November 14, 2015

Tempermental Printers Rule the Studio

Today, there was no Pinterest-cruising and no reference book cheating, just straight to the studio to fiddle around with ideas for the painting of Great Grandfather Ross.  Once again, the shadows cast from the window to the back of the painting provided inspiration (although the lines are all in a different place), so I quickly traced them before the sun moved much.

Today's studio lesson was all about printer abuse and neglect.  A couple of years ago, I spent too much money on a fancy Epson Stylus R1900 printer because an artist and author I admire uses one for printing her art.  Hoping one day I would also generate art worthy of printing, I bought the same printer.  It's very rude and overly sensitive.  Apparently, one must use up the expensive ink faster than I do, or it just dries up and the printer thinks it needs to be fed.  I don't think I've used this printer in two years, in part because it was packed up when we were moving and then I just didn't get around to making much art.  Today I fired up the beast at which time it told me that I needed to replace four cartridges.  Ugh.  At least I had those four.  Then I went online and bought a replacement for each colour since they're nearly impossible to find in an actual brick-and-mortar store.  At least it seems to be happy and working well.  I prefer a simple printer that remembers settings and does the same old thing every time unless you tell it something different.  This one seems fussier, assuming you are printing something large and fancy and glossy at all times.  I'm pretty tech savvy and have read the manual and clearly need to spend more time finding it's secret tricks.

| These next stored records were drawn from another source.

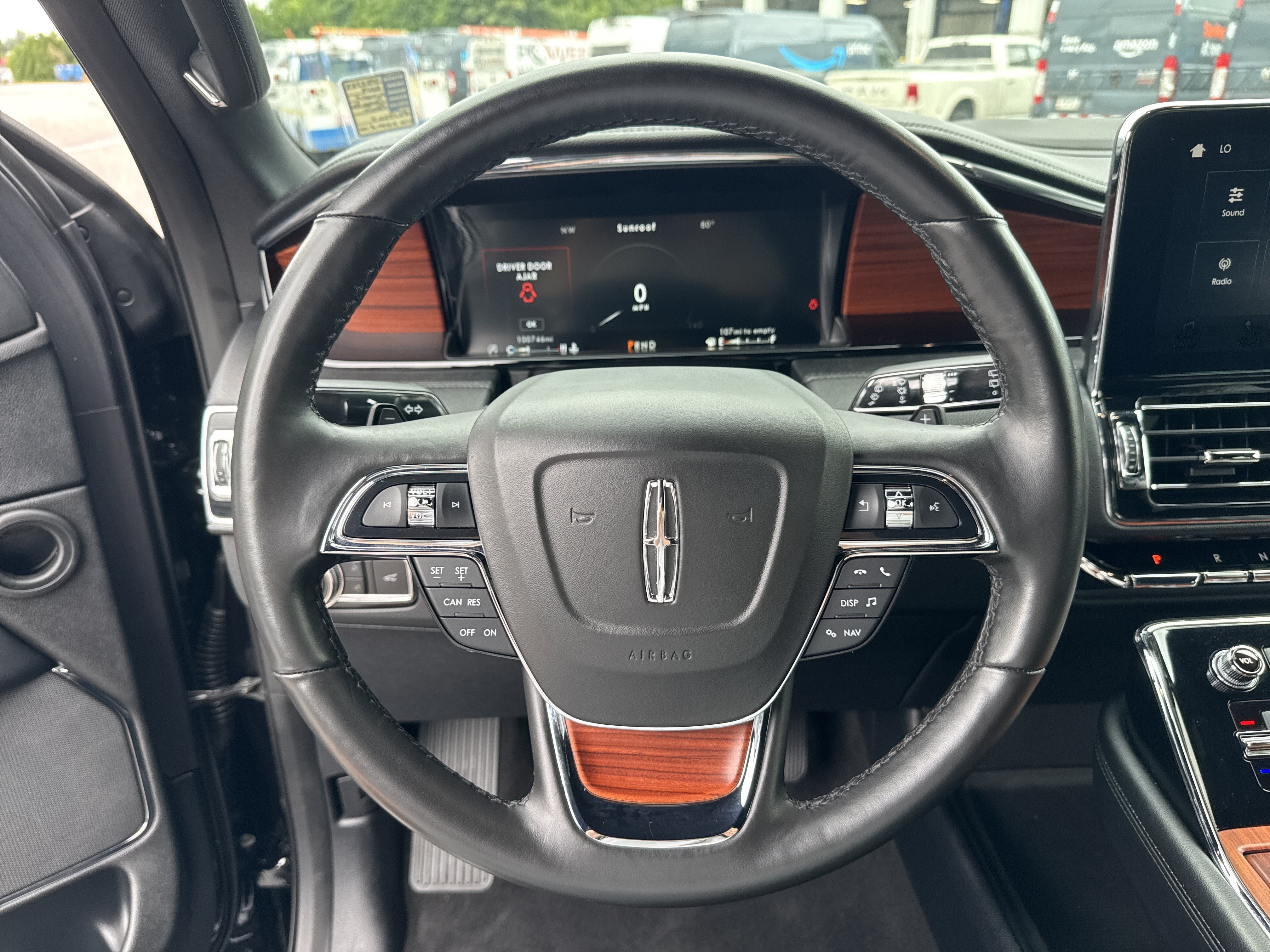 Used 2019 Infinite Black Metallic Lincoln Select image 30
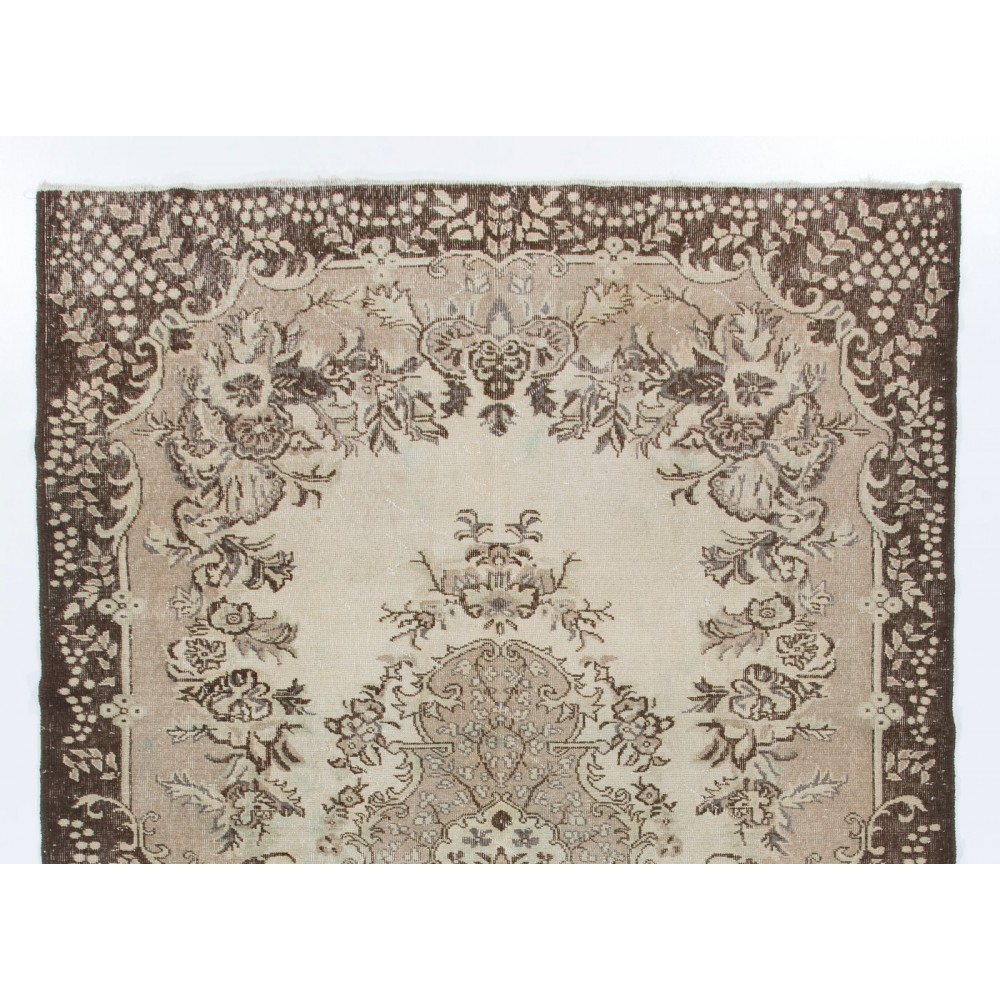 Vintage Garden Design Traditional Handmade Wool Rug from Turkey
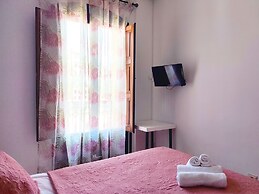 Flats Friends Plaza de la Reina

With my husband out of town and nothing but time on my hands, I need to remember that I can work after dark.  For some reason, I always feel that I have to stop working as the sun is setting.  It must be my mindset from the days of having kids at home to feed and knowing I'd get the, "I'm on my way and will be home in an hour" call from my husband.  It's hard to get used to all of this free time.  Now I have to make good use of it.

January 9, 2015

The Artsy Resolution

My resolutions for the new year are not about diet, exercise, losing weight or any variation of those things (a never ending battle all year long).  I have resolved to 1) spend more social time with friends and family less time in solitude and 2) to get my artsy self back. 

Having fun with art is something I don't do well these days.  I read about so many successful artists (and I mean success in the sense of making a living) that are self-taught, learning from books, DVD's or taking single classes of instruction here and there.  I found a year-long online course with artists Carla Sonheim and Lynn Whipple (I am SO excited) and signed up, something I would have been afraid to do in the past.  The first lesson involves line drawing.  I completed the first lesson, and found myself muttering, "I stink at this."  The lesson reads all over the place that this is about having fun, relax, just go with it, it's not supposed to be perfect...but I still caught my inner critic speaking out loud.  When I was to pick a single subject and make multiple attempts at it, I caught myself scrolling up on the screen to see what the instructor's drawings looked like.  ACK!  Mine don't look like hers at all!  I must be doing it wrong.  Then I stopped myself and zoomed down the page so that I couldn't see her drawings any longer.  Really?  I still can't just relax?  This is going to take more practice than I thought it would, but I'm up for it.  I just need to tape the mouth of the inner critic shut.

I have decided that I'm going to give myself permission to try my hand at something another artist does that inspires me, not to sell it or claim the idea as my own, but to get back in the habit of making stuff.  Last week we had another of those crazy wind storms that absolutely trashed my back yard, leaving eucalyptus leaves and branches littered everywhere among the pine cone bombs that came flying down.  I remembered seeing pictures of painted individual eucalyptus leaves at and figured I could have some fun experimenting.  I spent a good two hours painting, something I can't remember doing for ages.  Now my leaves look nothing like the artist's leaves, but I had focused fun, music blaring, and was happy doing it.

Tomorrow's exercise is to continue without self-criticism.